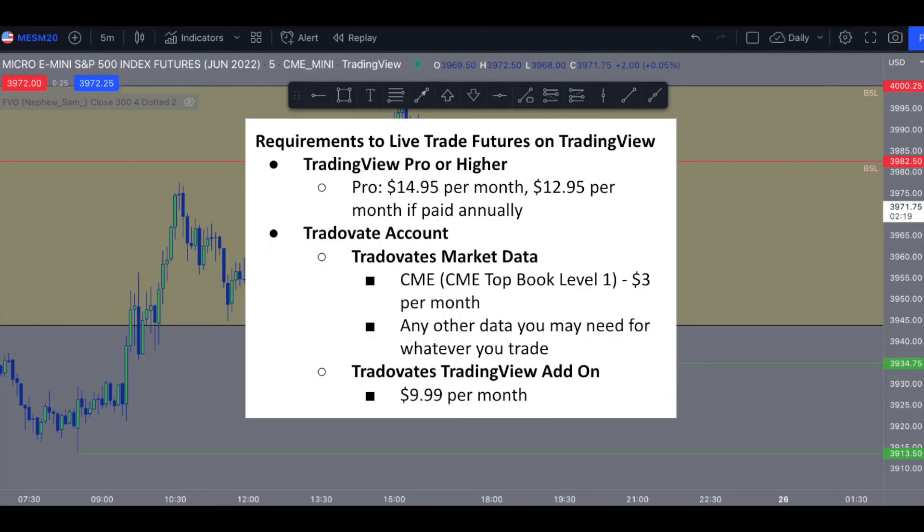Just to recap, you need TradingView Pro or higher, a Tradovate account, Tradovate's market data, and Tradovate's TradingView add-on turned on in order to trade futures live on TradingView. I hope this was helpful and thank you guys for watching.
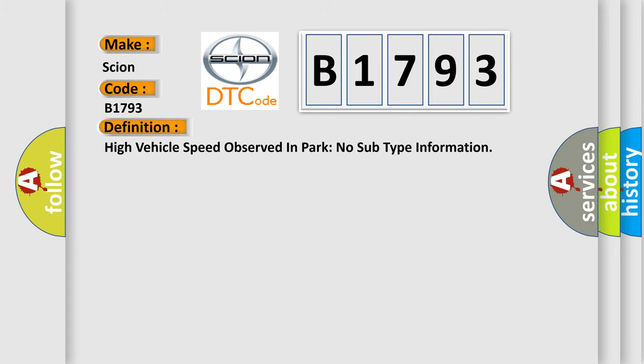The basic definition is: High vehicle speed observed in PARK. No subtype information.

____________

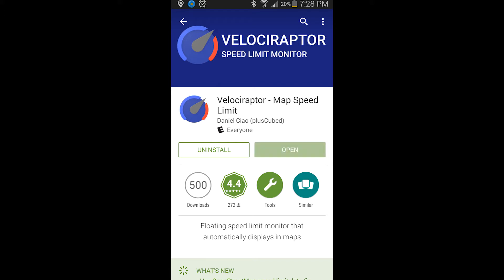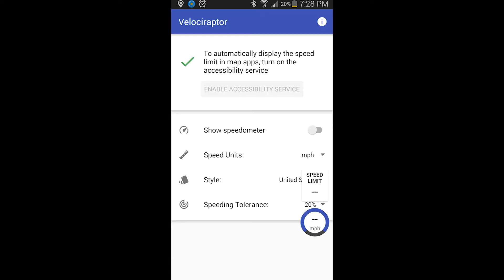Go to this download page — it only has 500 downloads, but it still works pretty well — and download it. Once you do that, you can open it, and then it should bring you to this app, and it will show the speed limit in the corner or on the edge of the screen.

____________

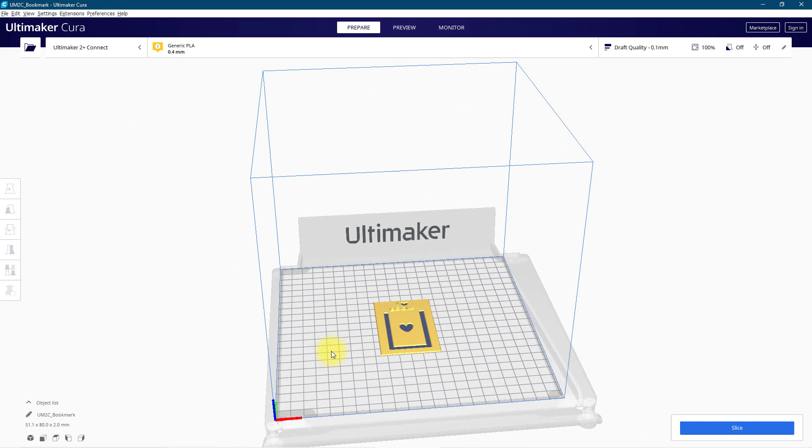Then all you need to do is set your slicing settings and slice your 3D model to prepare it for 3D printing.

____________

Only one stretch of the entries above is needed: the lines from the one containing "Just to recap, you" through the one containing "The basic definition". Copy it exactly, without the pictures.

Just to recap, you need TradingView Pro or higher, a Tradovate account, Tradovate's market data, and Tradovate's TradingView add-on turned on in order to trade futures live on TradingView. I hope this was helpful and thank you guys for watching.
The basic definition is: High vehicle speed observed in PARK. No subtype information.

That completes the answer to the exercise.